> **TASK BRIEF**
How do the lines read from the one holding "Set Decantor Artistic" through the last line of the listing? Set them down exactly, pictures omitted.

> **SOURCE RECORDS**
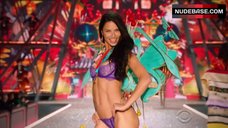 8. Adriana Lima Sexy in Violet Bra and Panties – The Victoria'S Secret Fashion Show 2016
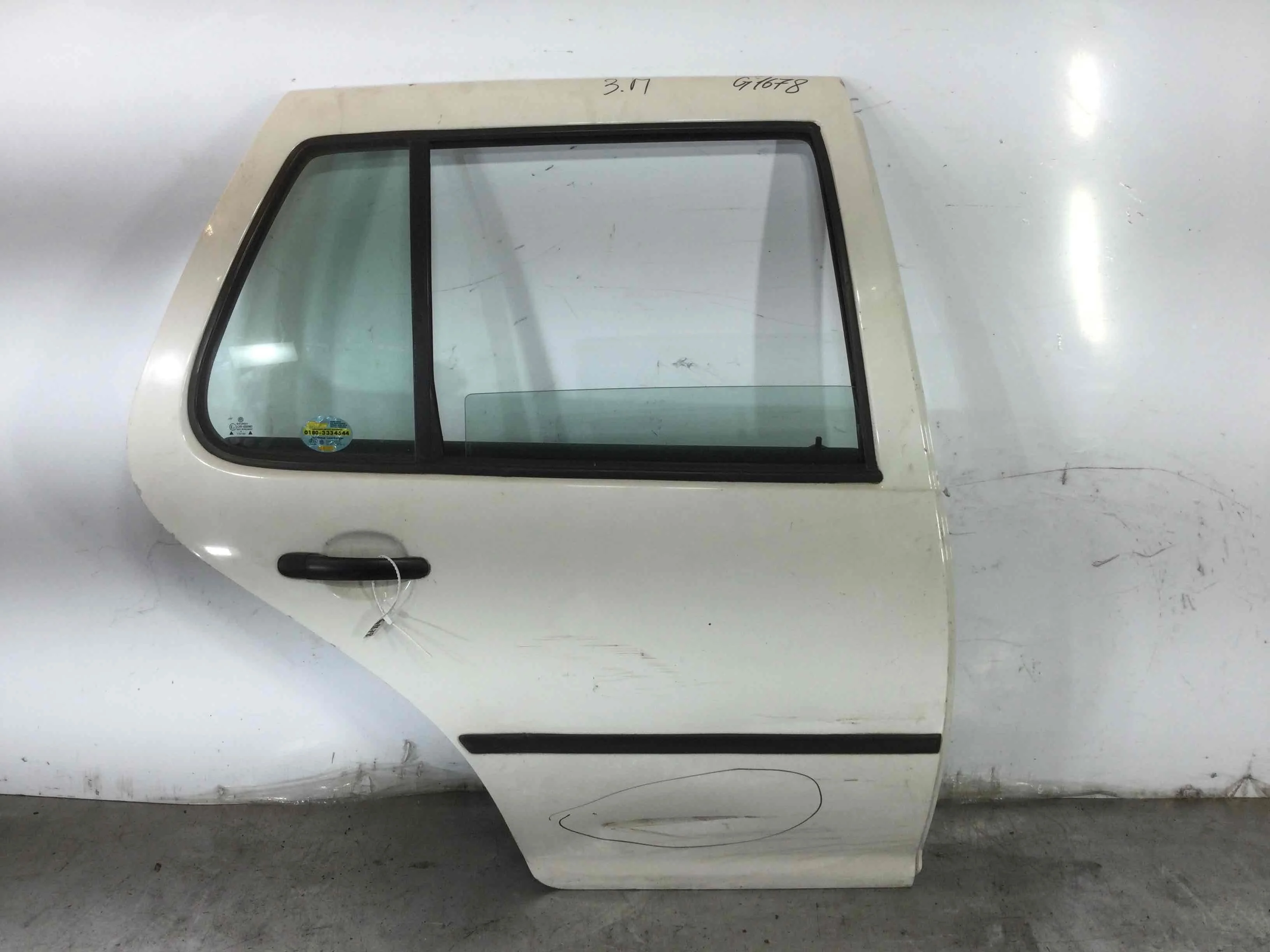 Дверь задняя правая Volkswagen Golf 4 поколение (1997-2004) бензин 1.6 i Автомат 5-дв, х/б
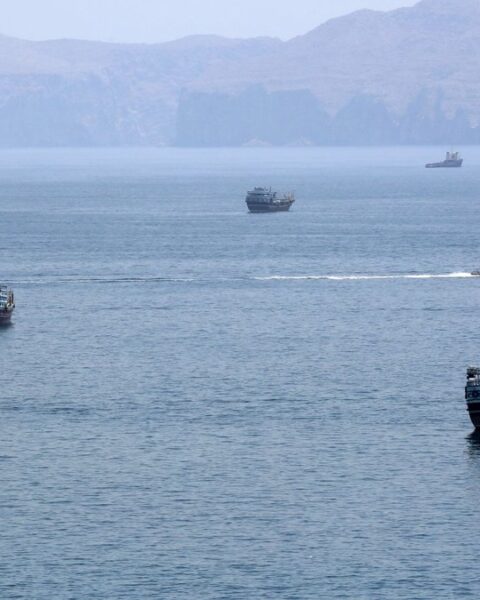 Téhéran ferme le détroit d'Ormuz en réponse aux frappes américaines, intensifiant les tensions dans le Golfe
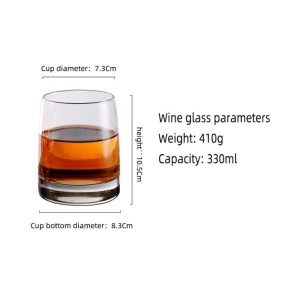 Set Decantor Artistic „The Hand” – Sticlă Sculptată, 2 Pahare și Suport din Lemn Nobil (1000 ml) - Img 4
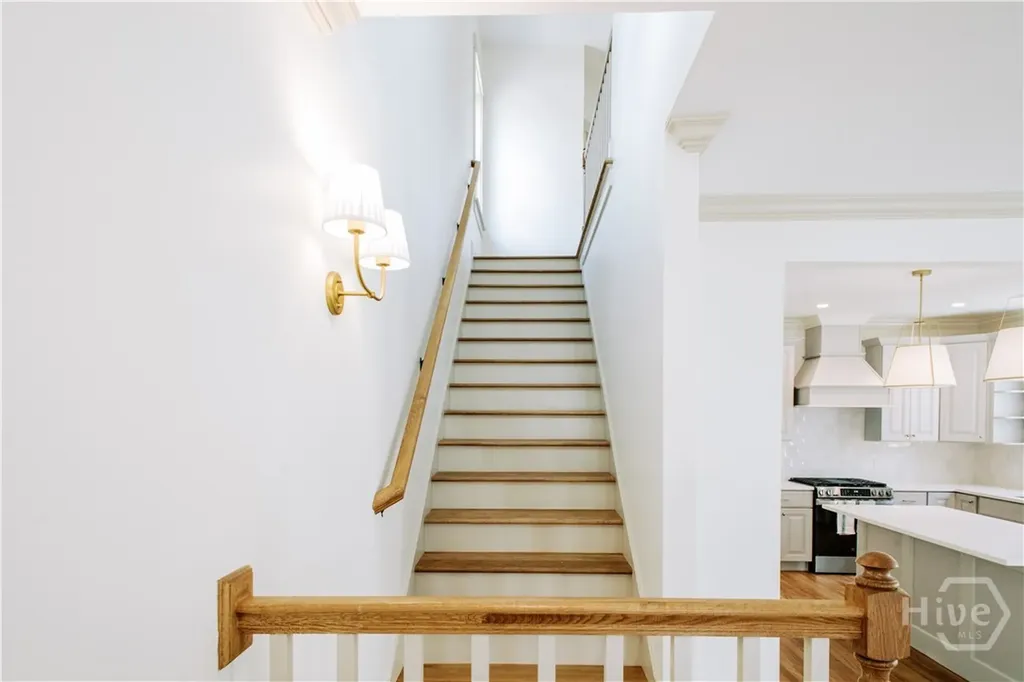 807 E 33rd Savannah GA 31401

> **EXERCISE OUTPUT**
 Set Decantor Artistic „The Hand” – Sticlă Sculptată, 2 Pahare și Suport din Lemn Nobil (1000 ml) - Img 4
 807 E 33rd Savannah GA 31401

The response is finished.